For some unknown reason, an incident popped into my head, from about 12 years ago, illustrating the power of words when used sparingly.
I was a student, in Manchester, and I was at a drum n bass night in a sweatbox of a club (I know, I know, but it was over a decade ago…). The DJ playing on the night was Bryan Gee, alongside Tonn Piper (MC)
My friend was really into drum n bass, went to many events, and knew DJs and MCs on the scene quite well, so she was talking to Tonn Piper at the DJ booth.
Unfortunately, some young oik wandered up to the booth and started trying to butt in on the conversation and get my friend interested in him.

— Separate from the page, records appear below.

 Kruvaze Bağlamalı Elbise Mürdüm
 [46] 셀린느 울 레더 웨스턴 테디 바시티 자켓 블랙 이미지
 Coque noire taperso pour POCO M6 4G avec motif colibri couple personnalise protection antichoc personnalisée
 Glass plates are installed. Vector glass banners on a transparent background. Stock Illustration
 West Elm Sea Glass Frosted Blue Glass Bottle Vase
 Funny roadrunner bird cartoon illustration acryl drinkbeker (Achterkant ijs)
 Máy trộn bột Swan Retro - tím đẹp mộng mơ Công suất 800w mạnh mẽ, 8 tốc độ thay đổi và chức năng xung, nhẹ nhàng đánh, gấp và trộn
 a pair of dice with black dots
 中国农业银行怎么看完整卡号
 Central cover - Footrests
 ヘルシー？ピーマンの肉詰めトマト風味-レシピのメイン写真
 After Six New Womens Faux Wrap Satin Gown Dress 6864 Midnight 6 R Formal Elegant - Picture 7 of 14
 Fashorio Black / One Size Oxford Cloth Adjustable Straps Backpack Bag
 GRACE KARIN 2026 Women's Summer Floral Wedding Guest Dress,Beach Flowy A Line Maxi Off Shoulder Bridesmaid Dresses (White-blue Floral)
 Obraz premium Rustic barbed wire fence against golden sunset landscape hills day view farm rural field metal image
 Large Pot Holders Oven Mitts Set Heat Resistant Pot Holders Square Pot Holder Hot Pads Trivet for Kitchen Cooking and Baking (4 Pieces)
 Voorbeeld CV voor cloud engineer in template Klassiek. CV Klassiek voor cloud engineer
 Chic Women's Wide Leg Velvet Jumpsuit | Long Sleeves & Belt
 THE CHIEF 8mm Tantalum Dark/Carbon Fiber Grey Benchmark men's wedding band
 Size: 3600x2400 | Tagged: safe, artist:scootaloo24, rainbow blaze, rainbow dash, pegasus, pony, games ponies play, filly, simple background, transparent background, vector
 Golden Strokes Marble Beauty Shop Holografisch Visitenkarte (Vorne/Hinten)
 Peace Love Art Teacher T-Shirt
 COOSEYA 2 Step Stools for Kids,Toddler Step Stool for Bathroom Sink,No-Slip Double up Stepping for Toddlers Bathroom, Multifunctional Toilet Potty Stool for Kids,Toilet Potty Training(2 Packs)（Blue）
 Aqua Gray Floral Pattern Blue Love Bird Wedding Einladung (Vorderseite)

Despite not getting much feedback, this young lad persisted until Tonn Piper stopped talking to my friend, turned to the lad and simply said, sternly: ‘listen son, this ain’t a school dance’.
The lad stepped down immediately, tongue-tied, and wandered off.
Those seven words – ‘listen son, this ain’t a school dance’ – constitute the best/most effective threat I’ve ever heard, not least as it wasn’t actually a direct threat as such: it was a step removed.
Firstly, this was said by a well-respected MC, and it was (in part) his night at that club: he already carried clout in general, but particularly at his own event.
Secondly, he was quite a big guy: you wouldn’t start on him unless you were sure you could finish the job.
The opening two words – ‘listen son’ – work perfectly with the points above, but were also deliberately condescending, as in: ‘look mate, you’re harassing this lady and she’s not interested: I can tell from years of experience’ and ‘look mate, stop being a prat. Everyone else here is acting like an adult. Do the same’.
‘…this ain’t a school dance’ simply hammered home the message ‘don’t act like a child here, just because this is a lively club night’ and ‘you’re not going to get the attention of women by acting like that’.
What I find particularly interesting though, was that this was a very subtle threat: a threat without quite making one.
The MC didn’t imply violence of any kind, but he did imply (in part, by his tone, which obviously had to be heard at the time) that the young lad was acting like a bit of an idiot and that this was his chance to stop behaving like that. It was a warning shot.
It diffused the situation without the need for any further conversation, and had far more impact than ‘listen mate, go away’ or ‘do you want to get chucked out?’ or ‘do you want a slap?’
Words – when used sparingly – can have an instant impact: it just depends who is saying them and how.